# Nikon D80 "Err F" error?



## freddyb (Jan 21, 2011)

hello, 

i am new to this forum, i am not sure if i am in the right section.

well i have a nikon D80 and 2 months ago it started to give me an error.. it wont focus and it wont save the picture..

its always flashing saying "Err" and when i press to snap a picture it says "lo F3.5"

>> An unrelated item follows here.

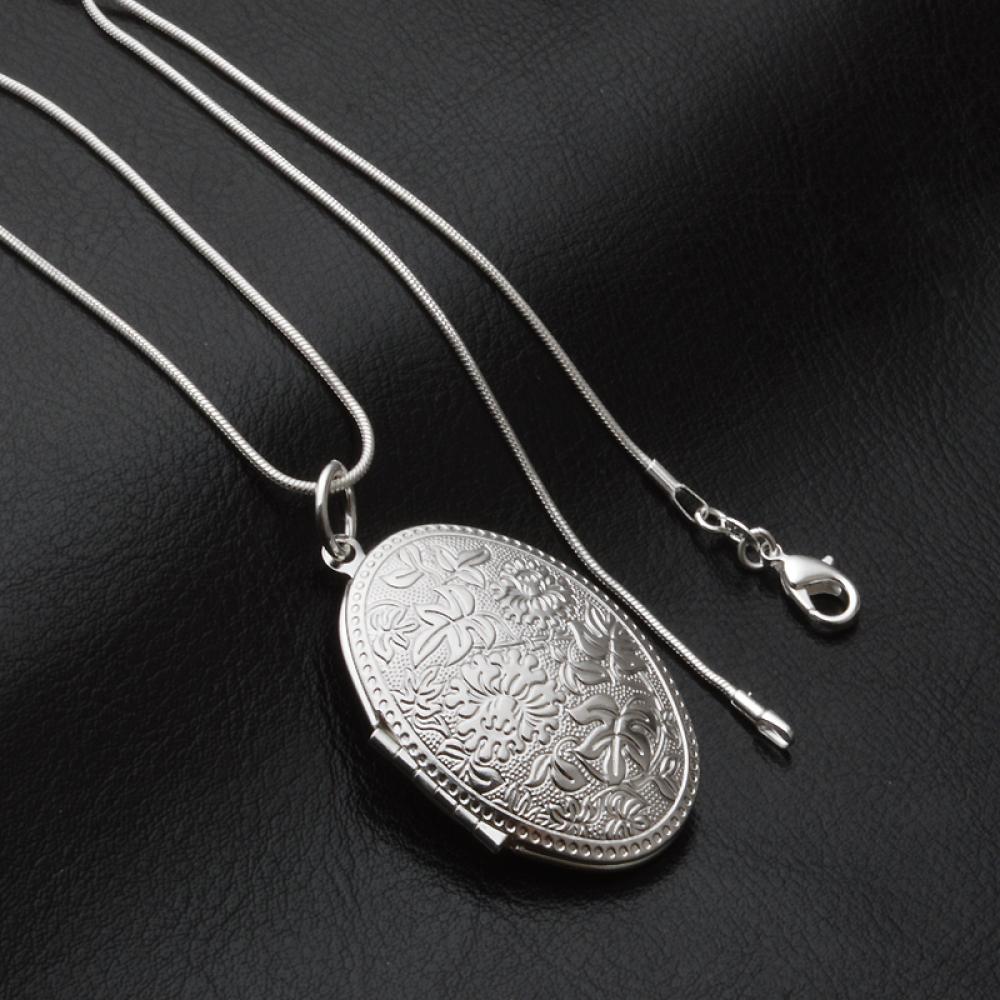 Fashion Sanke Chain Women’s Necklace Photo Locket Round Box Pendant Silver Plated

any help on how i can get this camera back working?

thanks,
freddyb


----------



## PhillyPhoton (Jan 21, 2011)

looking in the manuel of my D90

says that Err is a camera malfunction and 

realease shutter, if error persists or appears frequest consult nikon authorizied service dealer,

have you tried to google it or sometimes there may be a helpful video on youtube to walk you through a fix


----------



## freddyb (Jan 21, 2011)

PhillyPhoton said:


> looking in the manuel of my D90
> 
> says that Err is a camera malfunction and
> 
> ...



yea, i looked at the d90's user manual too.. and it says the same thing,

ive tryed googling it and youtube too.. but it still presists and i have no nikon dealer close to my house... :S

but still thanks.


----------



## PhillyPhoton (Jan 21, 2011)

search the forum "D80 err" i just did and found quite a few posts, you may have some luck there


----------



## freddyb (Jan 21, 2011)

PhillyPhoton said:


> search the forum "D80 err" i just did and found quite a few posts, you may have some luck there



no luck  ... any more diognostics i can do?


----------



## KmH (Jan 21, 2011)

You can download a D80 users manual at nikonusa.com.


----------